Component 1: Lexer and Parser

In this component , you will begin your partial compiler, thc, with a lexer, parser, and pretty-printer for ILOC code.

thc will receive as input an ILOC file, and print either the stream of tokens, the intermediate representation, or ILOC code depending on the flags. You will perform some basic context-free sanity-checking of the ILOC code. There are two components: a lexer and a parser. The lexer will read in the text file and produce a stream of tokens. The parser will take the stream of tokens and create an intermediate representation of the code.
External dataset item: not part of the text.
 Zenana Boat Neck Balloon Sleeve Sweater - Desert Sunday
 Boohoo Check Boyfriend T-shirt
Before submitting your program, test it thoroughly on all provided blocks.

Lexer

Because ILOC is exceedingly simple to parse, a significant focus of this component is on the lexer, also called a scanner. You MUST hand-code your lexer, reading a single character at a time. You MUST NOT use regular expressions, scanf, or other programming constructs that process more than one character at a time. The hand-coded approach from Chapter 2.5 in Engineering a Compiler is suggested, but the table-driven approach may be used (although this is ambitious).

Input: ILOC Subset

Your input is a single basic block of code consisting of instructions from the following subset of ILOC. All letters are case-sensitive. The following figure describes the syntax and semantics of ILOC instructions.

Syntax Meaning Latency
load r1 => r2 r2 ← MEM (r1) 2
loadI x => r2 r2 ← x 1
store r1 => r2 MEM(r2) ← r1 2
add r1, r2 => r3 r3 ← r1 + r2 1
sub r1, r2 => r3 r3 ← r1 - r2 1
mult r1, r2 => r3 r3 ← r1 * r2 1
lshift r1, r2 => r3 r3 ← r1 ≪ r2 1
rshift r1, r2 => r3 r3 ← r1 ≫ r2 1
output x prints MEM(x) to stdout 1
nop idle for one cycle 1

All register names have an initial r followed immediately by a non-negative integer. Leading zeros in the register name are not significant; thus, r017 and r17 MUST refer to the same register. Arguments that do not begin with r, which appear as x in the table above, are assumed to be positive integer constants in the range 0 to 231 -1.
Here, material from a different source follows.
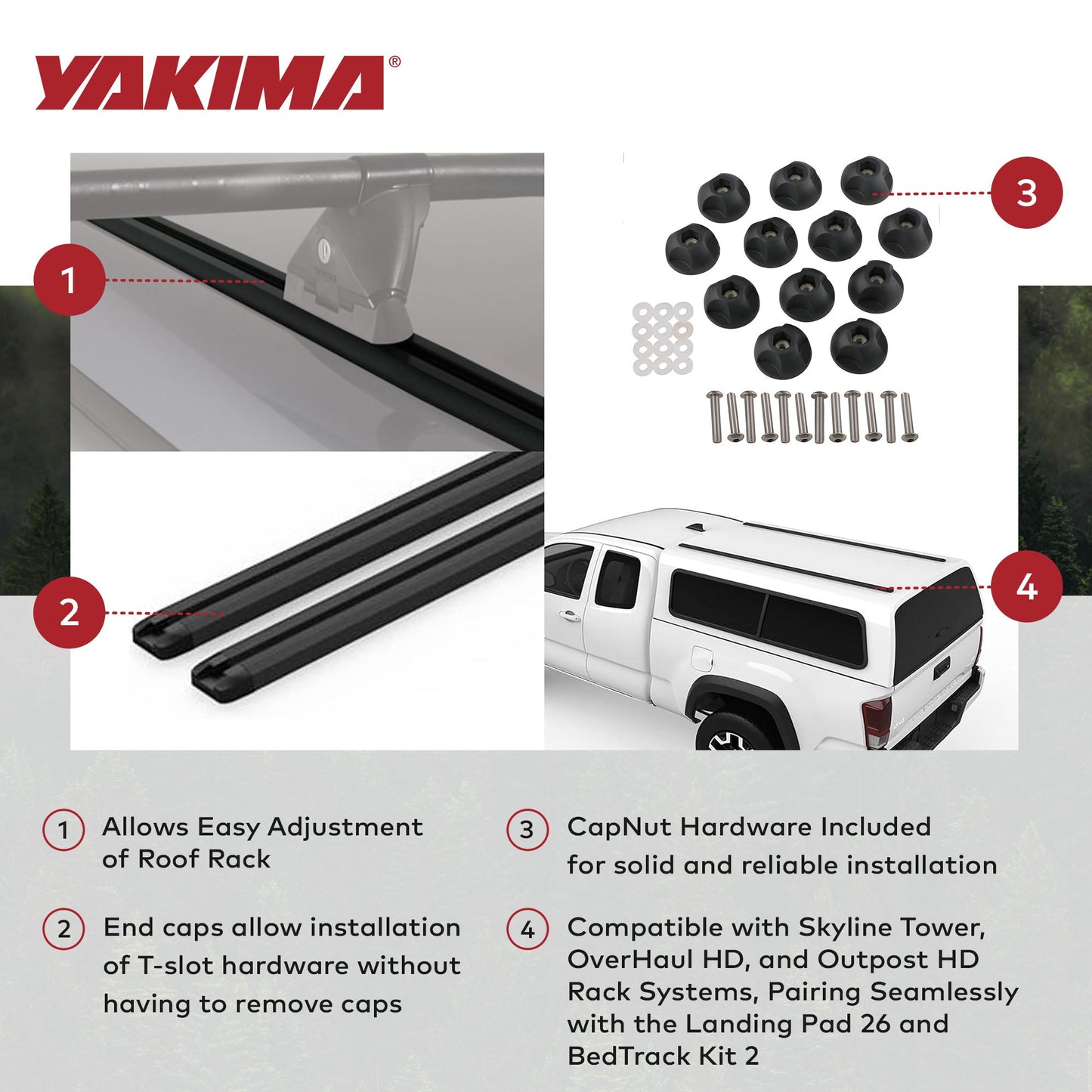 Yakima HD Track 72 Inch Car Roof Top Rack Mounting System with CapNuts, Black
All ILOC operations in input blocks must begin on a new line. The code will contain commas and the assignment arrow =>. Spaces and tabs are treated as whitespace. ILOC opcodes MUST be followed by whitespace, which MAY be a newline in the case of nop. Whitespace preceding and following all other symbols is optional. Whitespace MUST NOT occur within operation names, register names, or the assignment symbol. All other whitespace MUST be ignored. A double slash (//) indicates that the rest of the line is a comment and MUST be discarded. Empty lines MUST also be discarded.
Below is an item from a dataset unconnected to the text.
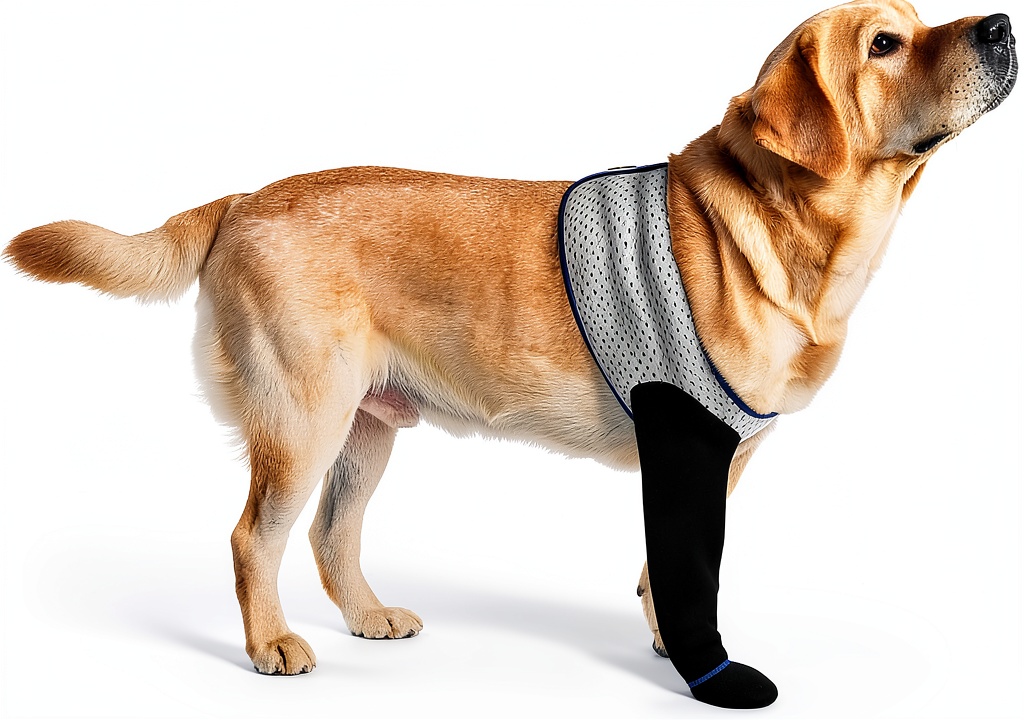 Installing Hanfu Dog Paw Protectors Post Surgery Recovery Licking on a wooden desk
If you are curious, Appendix A of Engineering a Compiler provides details on these instructions, with the exception of the output operation. The output operation prints a value from memory to stdout.

Lexer Implementation and Output

The lexer MUST turn the input into a stream of tokens. You MAY either represent the stream explicitly, as collection of tokens; or implicitly, using functions that return the next token. You MUST implement code to lex an arbitrary token, but you MAY find it helpful to also have specific functions that lex a token of each category.

Each token must have a token category and, when appropriate, a value. There are five categories of tokens in ILOC: instructions, registers, constants, commas, and arrows. The state diagrams for instructions and registers are included in the Appendix. Token categories, instruction opcodes, and any other non-numeric values MUST be represented with an enumerated type. You MUST NOT use strings or raw integers. You SHOULD convert integer lexemes into integer values upon scanning. As described below, if the -l flag is used, you MUST output each token on a line. Include both the category of the token, as well as either it's value or lexeme.

Parser

The parser MUST use the lexer to build an intermediate representation, as discussed below and in class. You MUST hand-code your parser, but because ILOC is simple to parse, you do not need to specifically implement an LL or LR parser. In fact, we will likely not even have covered that topic in class. The first token of every line will be an opcode, which fully specifies the remainder of the line. Each line MUST be encoded as a single entry in the intermediate representation. This greatly simplifies the task of parsing. Lab 2 delves into the details of parsing, the complexity here lies in the intermediate representation.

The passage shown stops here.